By Oliver Fredrickson
Recent events, including the death of a student in a university hall of residence, have prompted the Government to reassess the quality of pastoral care being provided to tertiary education students. The recently passed Education (Pastoral Care) Amendment Act 2019 attempts to rectify the apparent shortcomings, allowing the Minister of Education to issue a mandatory code of practice to govern the pastoral care of all tertiary students. Such a code was already in place for international students, but not domestic. The Pastoral Care Act addresses this regulatory gap to ensure that all tertiary students live in a safe environment and have their emotional and physical wellbeing adequately cared for.
Code of Practice
In 2004, a number of tertiary education providers adopted a voluntary code of practice. Unfortunately, some did not and over time the code effectively fell into abeyance. Many of the monitoring regimes imposed to ensure the wellbeing and safety of students were eventually scrapped in cost-cutting measures.
Under the Pastoral Care Act, the Minister of Education will impose a mandatory code of practice requiring all tertiary education providers to take all reasonable steps to “maintain the wellbeing” of domestic tertiary students and to “protect” international students.
As the Act only received its Royal assent on 19 December 2019, the minister has imposed an interim code of practice for the 2020 academic year, which took effect on 1 January 2020. The interim code imposes on to all tertiary education providers a general duty of pastoral care over their students. This general duty covers physical safety, access to advice and support services, physical and mental health support, freedom from discrimination and racism, support for transition to tertiary study, and the opportunity to take part in decision-making of support services.
The code also includes specific additional requirements for those that provide student accommodation. These requirements are plentiful and seek to provide students with a positive and supportive environment in student accommodation.
Throughout 2020, the Government will consult relevant stakeholders on the development of a long-term code to take effect from 2021.

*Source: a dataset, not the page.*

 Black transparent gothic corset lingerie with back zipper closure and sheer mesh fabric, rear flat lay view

Administering and enforcing the code
The Minister of Education has appointed the New Zealand Qualifications Authority (NZQA) to be responsible for administering the code. A key part of this role will include monitoring and investigating any suspected breaches of the code. The interim code allows any person to refer any issue related to an alleged breach to NZQA. If the breach is particularly serious, the Pastoral Care Act allows financial sanctions to be placed onto the tertiary education provider. These sanctions may come in the form of a criminal or civil penalty.
Under s 238S, a provider commits a criminal offence if it:
- without reasonable excuse, breaches the code of practice; and
- the breach results in serious harm to or the death of one or more of its students.

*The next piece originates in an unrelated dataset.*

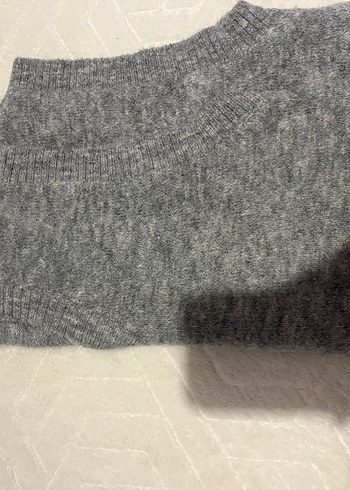 Gri Kadın Yün Triko Süveter - Görsel 5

The adjudicating court will determine whether a reasonable excuse existed, whether the breach caused the harm, and whether “serious harm” occurred. A tertiary service provider who commits this criminal offence is liable on conviction to a fine not exceeding $100,000.

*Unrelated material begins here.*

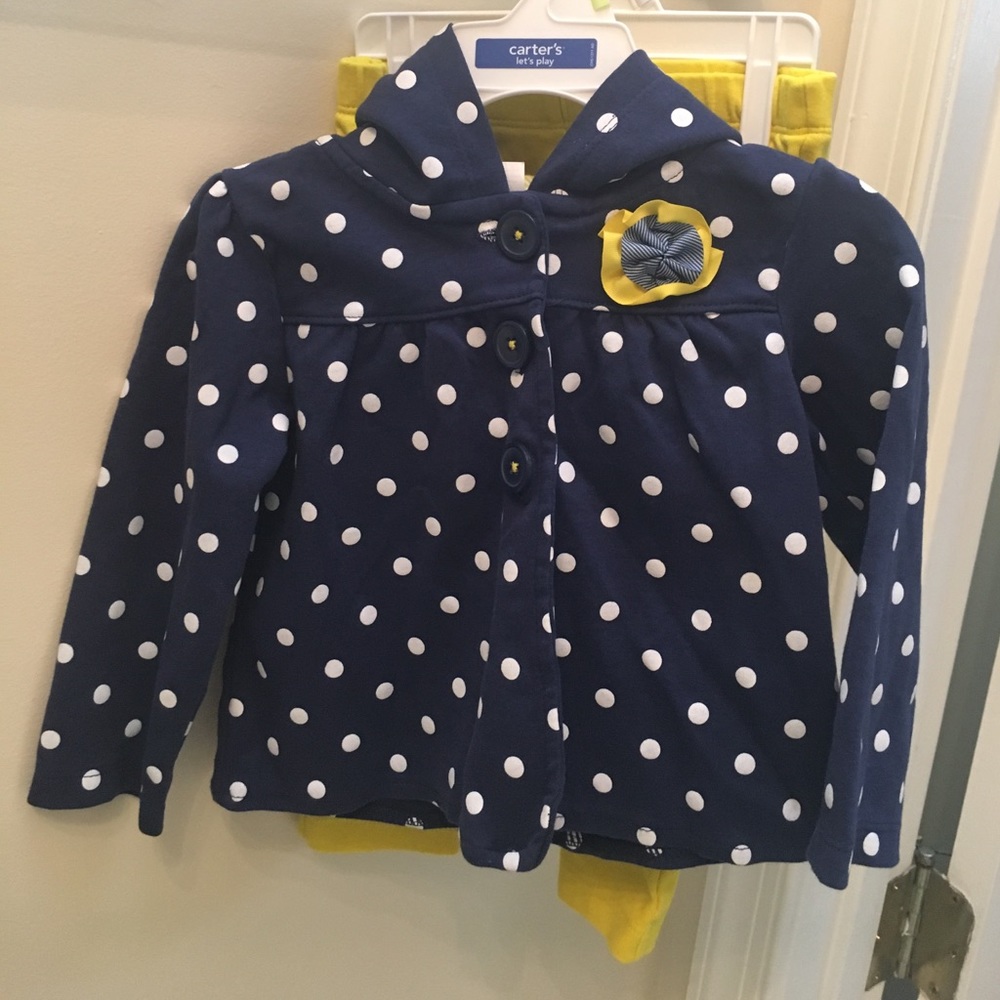 🔴SOLD🔴 Carter's Blue Polka Dot Hoodie & Pant Set - Picture 5 of 6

Similarly, NZQA may apply to the court to order a tertiary service provider to pay a civil pecuniary penalty. Under s 238T, the court may order a civil pecuniary penalty not exceeding $100,000 if it is satisfied that the provider has, without reasonable excuse, committed a “serious breach” of the code of practice. The select committee report makes it clear that the court will determine what constitute a “serious breach”.
These two forms of financial sanctions are mutually exclusive. Once a court finds that a tertiary education provider is criminally liable under s 238S, it may not then impose a pecuniary penalty under s 238T in respect of the conduct, events, or other matters that were subject of the criminal proceedings. The same is true if a court first orders a civil pecuniary penalty.
Dispute resolution scheme
Separate from the code of practice, the Pastoral Care Act also establishes a student contract dispute resolution scheme (DRS) to resolve contractual and financial disputes between students and tertiary service providers. The scheme doesn’t apply to the interim code, but is anticipated to come into force in with the permanent code of practice in 2021, once the details of its application are arranged and agreed.
The Pastoral Care Act requires all providers to comply with the rules of the DRS, which will be operated by a person or agency appointed by the Minister of Education. A student may lodge a claim with the DRS operator if:
- the provider has refused or not tried to resolve the dispute; or
- if the provider has been given an opportunity to resolve the dispute, but the student is not satisfied with the process or outcome.
The DRS operator may then issue a resolution through an adjudication or following a mediation process. This resolution may require a tertiary education provider to pay a student claimant up to $200,000. Once the resolution is made, the student may then apply to the District Court to have this enforced as if were a judgment of the court. However, the District Court may modify the resolution before giving effect to it if it is satisfied that the terms of the resolution are manifestly unreasonable.